Não apenas Luiz de Castro, mas também o antropólogo francês Claude Lévi-Strauss — jovem de 29 anos, então professor na USP e que chefiava a expedição — comentou sobre o “exótico” jogo de bola, em seus relatos presentes no clássico livro “Tristes Trópicos”, um ensaio romanceado publicado em 1955 acerca da experiência vivida com as sociedades indígenas, com destaque aos Nambikwaras, nesta região. Observa hoje o pesquisador Solano Low Lopes, de Porto Velho: “O jogo de bola praticado pelos povos da Serra do Norte eram mais semelhantes aos jogos pré-colombianos, como os praticados na Amazônia e no México, do que o handebol moderno europeu. Muitos simbolos culturais europeus tem origem indígena, como exemplo, o aristocrático cachimbo inglês”.

Mas, assim como os não-índios receberam influências — e a maioria não sabe disso — dos povos da Amazônia em seus hábitos e costumes, o inverso existe é sempre mais comentado e assimilado, por causa da cultura dominante manifestar-se como “superior” e, por vezes, parece ter “inventado tudo”. A interferência do homem branco, em Vilhena, sobre os indígenas ia além do telégrafo. Alguns nativos já usavam roupas, criavam galinhas e tinham cães de estimação. Reflexo do convívio com seringueiros, sertanistas e militares que ocuparam a região em diversos momentos da história. 

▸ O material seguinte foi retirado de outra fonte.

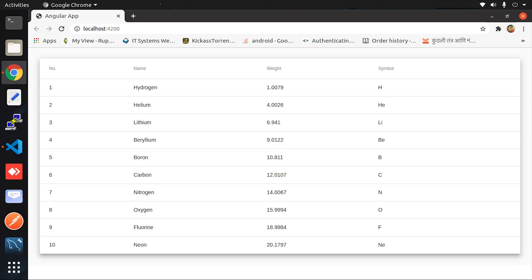This video will be a continuation of the Angular performance improvement playlist. We will look into how to reduce the bundle size and how to analyze it. There are some npm libraries available which will help you analyze it as well.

Foto: Luiz de Castro Farias/Reprodução

“A MAIOR EMOÇÃO QUE JÁ SENTI”

Sobre os índios que viviam perto do telégrafo, Luiz anotou todo o processo de confecção da cestaria, adornos, armas e utensílios em cerâmica por eles usados. Chama atenção o vocábulo nativo observado pelo pesquisador e disposto com esmero nos documentos, com desenhos e gráficos. No entorno do posto telegráfico existiam sete tribos, conforme ilustração feita pelo cientista.

Segundo Luiz de Castro Faria, alguns índios frequentavam a casa onde funcionava o telégrafo. Na noite de 12 de setembro, por exemplo, um grupo formado por índios Maimandê e Cabixi visitou os expedicionários, tocaram flauta para eles. “Foi a maior emoção que já senti. Há naquela música, soturna, profunda, qualquer coisa de realmente mágica”, apontou Luiz.

Ele também relatou a “guerra” entre os grupos indígenas da região. Os das margens do Aripuanã costumavam atacar e matar os sabaneses. Até pouco tempo atrás havia um cemitério indígena nas proximidades da “Casa de Rondon”, que acabou coberto por uma plantação de soja em 2005. Entre 1980 e 1996 funcionou um museu no local do antigo telégrafo, que acabou abandonado. Agora, em 2020 e 2021, está sendo revitalizado.

Na época dos registros de Luiz, as terras vilhenenses pertenciam a Mato Grosso. A Expedição Etnográfica à Serra do Norte foi um projeto do próprio Levi-Strauss, quando ele estava na Universidade de São Paulo cumprindo um contrato de professor visitante, entre 1935 e 1939. Luiz de Castro Faria foi representante do governo brasileiro nesta famosa expedição

Dia 18 de setembro, depois de 14 dias, o grupo saiu de Vilhena e seguiu para Porto Velho, então pertencente ao estado do Amazonas e em seguida para Manaus e Belém, onde ocorreu a última anotação, dia três de janeiro de 1939. 

Foto: Luiz de Castro Farias/Reprodução

O AUTOR DO LIVRO

O professor Luiz de Castro Faria, da Universidade Federal Fluminense, museólogo de formação, foi um dos fundadores da antropologia no Brasil; também foi arqueólogo. Morreu aos 91 anos, em 2004. Em sua homenagem existe o Prêmio Luiz de Castro Faria, realizado pelo Instituto do Patrimônio Histórico e Artístico Nacional (Iphan) em reconhecimento a trabalhos científicos que tratem de patrimônio arqueológico.